Want More Healthy Plant-Based Sweet Potato Recipes?
Check out these:
- Cilantro Pesto Sweet Potato Salad
- Spicy Turmeric Oven-Baked Sweet Potatoes
- Sweet Potato “Toast” with Spicy Guacamole
- or check out my CLEAN EATING Cookbook with over 140 healthy, plant-based recipes just like this one that you will love!
Gluten-Free Vegan Sweet Potato and Cilantro Dip
For the sweet potato
- 2 cups organic sweet potato (peeled + cubed)
For the dip
- 1 cup fresh organic cilantro
- 1/4 organic red onion
- 1/4 cup organic hemp seeds
- 2 tablespoons organic lime juice
- 2 tablespoons organic tahini
- 2 cloves organic garlic
- 1 teaspoon organic smoked paprika
- 1/2 teaspoon organic ground black pepper
- 1/2 teaspoon Himalayan pink salt
- 1 organic jalapeno
- 1 cup organic roasted asparagus
Prepare the sweet potato:
- Instant Pot Method: Peel the sweet potato and cut into cubes. Add 1 cup filtered/purified water to the Instant Pot and add the cubed potatoes. Close the pressure valve on the lid and set it to PRESSURE COOK | HIGH for 5 minutes. Allow the sweet potatoes to pressure cook/steam release for an additional 15 minutes before removing the lid.
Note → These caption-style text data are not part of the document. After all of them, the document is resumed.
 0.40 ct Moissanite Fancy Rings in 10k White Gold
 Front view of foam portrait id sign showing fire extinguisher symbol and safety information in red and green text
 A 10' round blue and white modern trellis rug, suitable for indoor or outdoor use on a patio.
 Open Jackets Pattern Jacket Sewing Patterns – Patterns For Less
Remove the sweet potato cubes from the Instant Pot with a slotted spoon.
- Oven Method: Prick the outsides of the sweet potato with a fork and place on a cookie sheet lined with parchment paper. Bake at 350 degrees for 1-2 hours, or until the insides are soft.
Prepare the dip:
- Add the cooked sweet potatoes and all other ingredients to a food processor and process until everything is well blended.
- Adjust the seasonings to your preference.
- Store in an air-tight BPA-free container in the refrigerator.